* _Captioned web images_
===

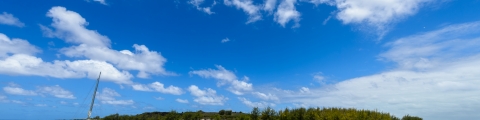 Les 10 plus belles plages de l'Ile Maurice Les 10 plus belles plages de l'Ile Maurice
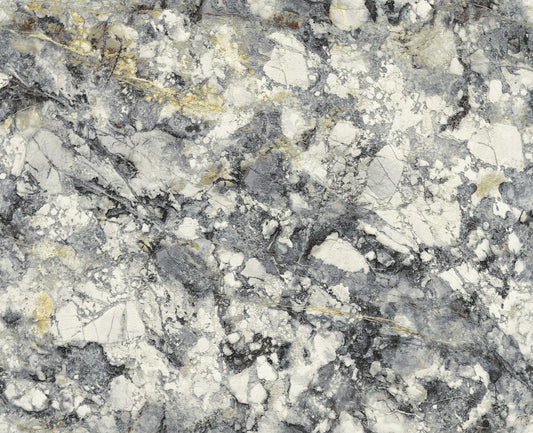 Fossola - Basalt - Wallpaper Inn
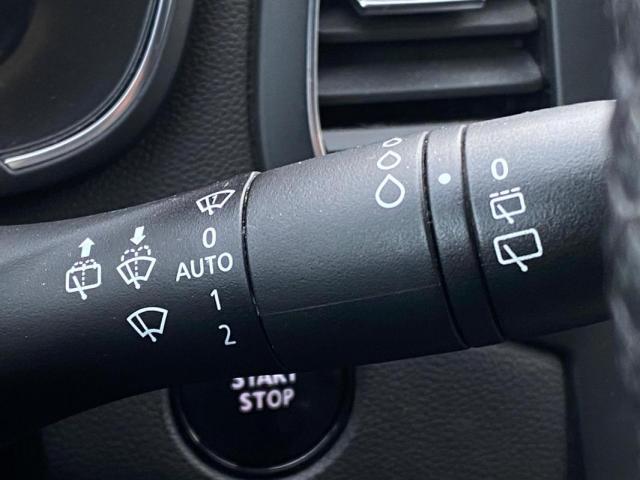 Renault Mégane image 1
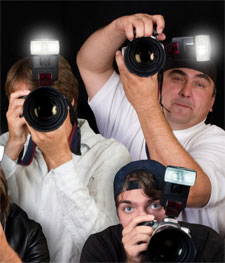 fotografos.jpg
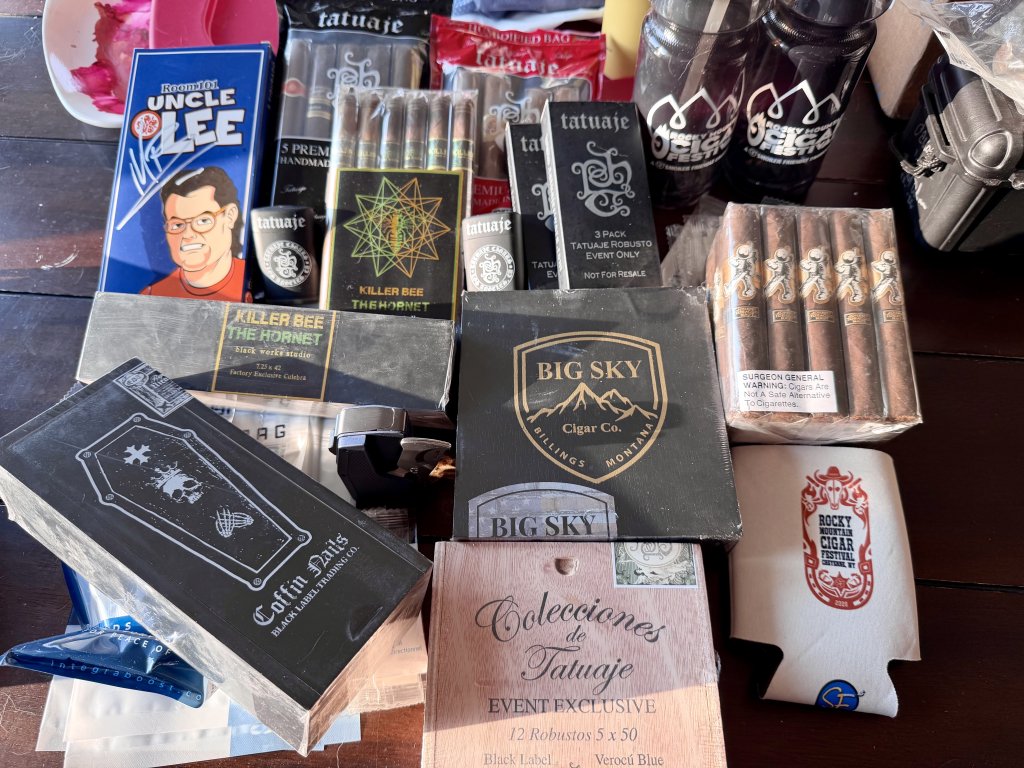 RMCF haul.jpeg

===

Skipping any pictures, copy the entries exactly as they appear.

* _RESPONSE FOR THIS EXERCISE_
 Les 10 plus belles plages de l'Ile Maurice Les 10 plus belles plages de l'Ile Maurice
 Fossola - Basalt - Wallpaper Inn
 Renault Mégane image 1
 fotografos.jpg
 RMCF haul.jpeg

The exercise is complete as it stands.